Work required
Your reply should reproduce all the data below exactly while excluding the pictures.

Information supplied

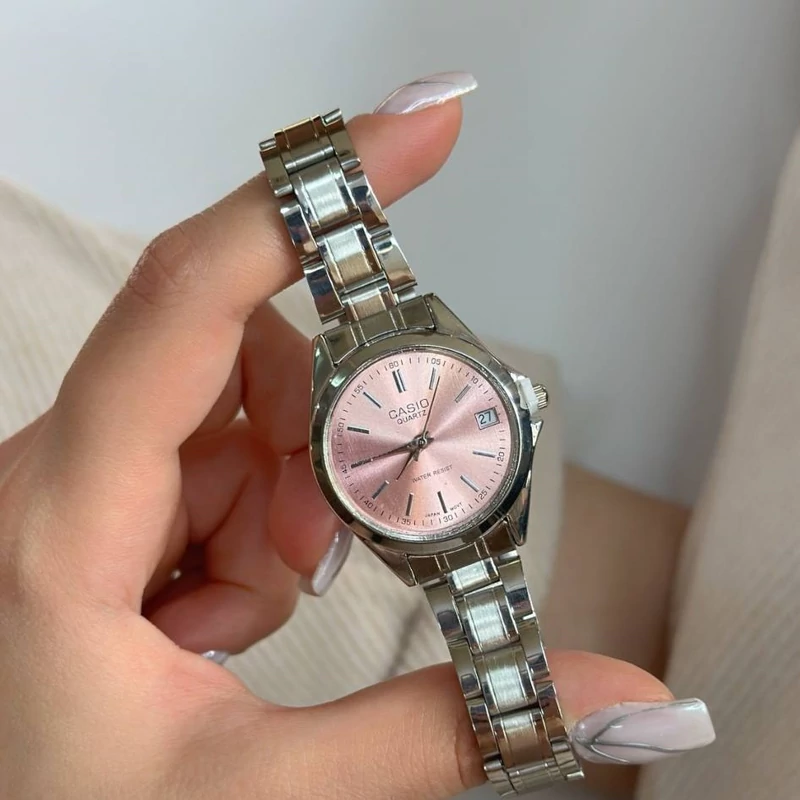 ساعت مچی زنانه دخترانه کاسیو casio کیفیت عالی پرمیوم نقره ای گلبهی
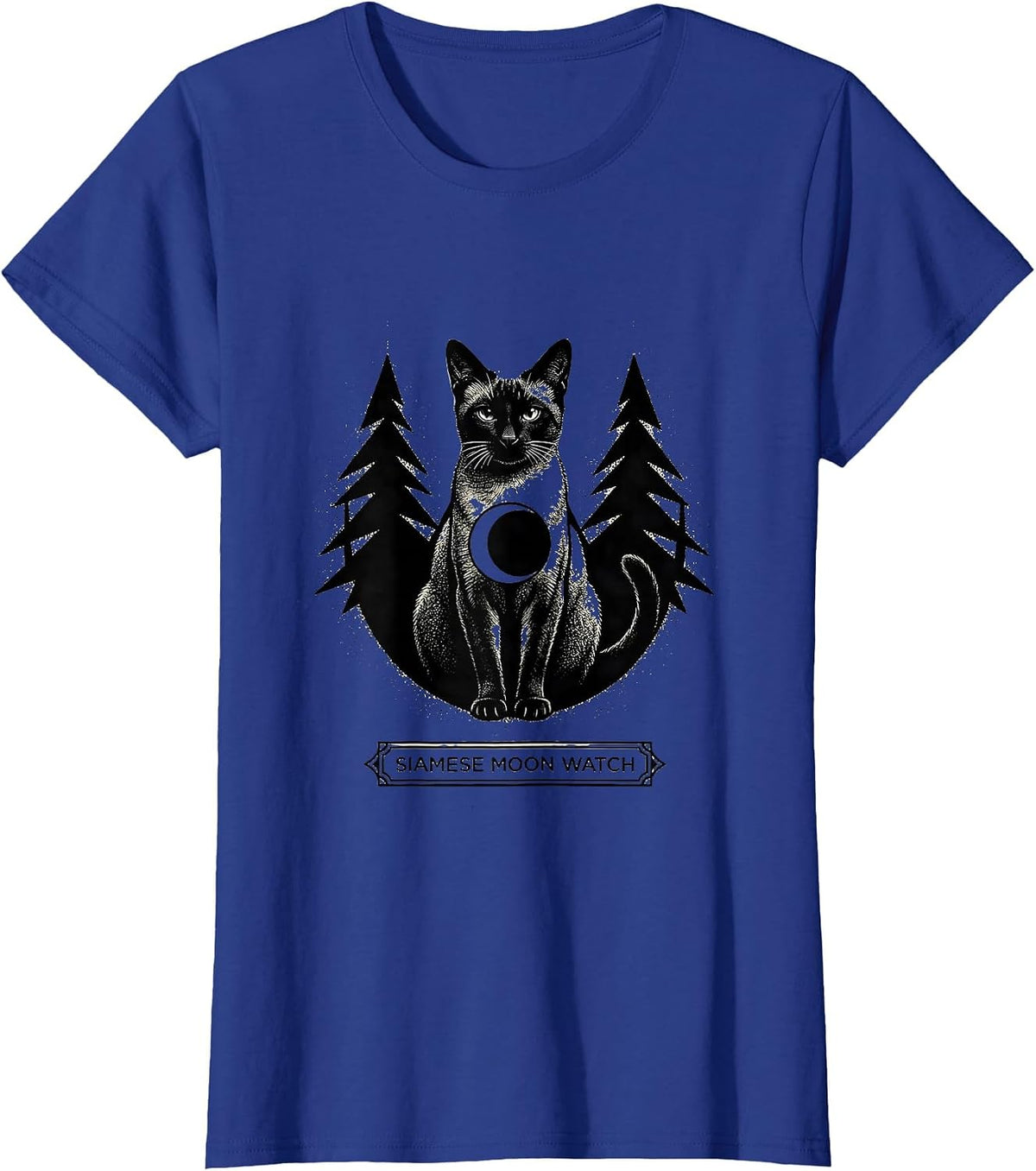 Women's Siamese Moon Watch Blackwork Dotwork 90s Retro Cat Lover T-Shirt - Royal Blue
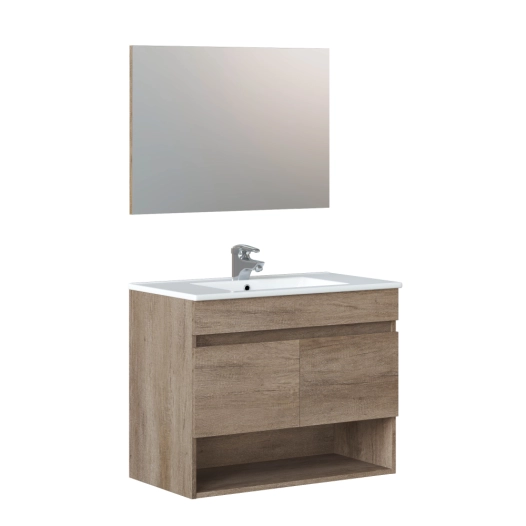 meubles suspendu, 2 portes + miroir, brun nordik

Answer section
 ساعت مچی زنانه دخترانه کاسیو casio کیفیت عالی پرمیوم نقره ای گلبهی
 Women's Siamese Moon Watch Blackwork Dotwork 90s Retro Cat Lover T-Shirt - Royal Blue
 meubles suspendu, 2 portes + miroir, brun nordik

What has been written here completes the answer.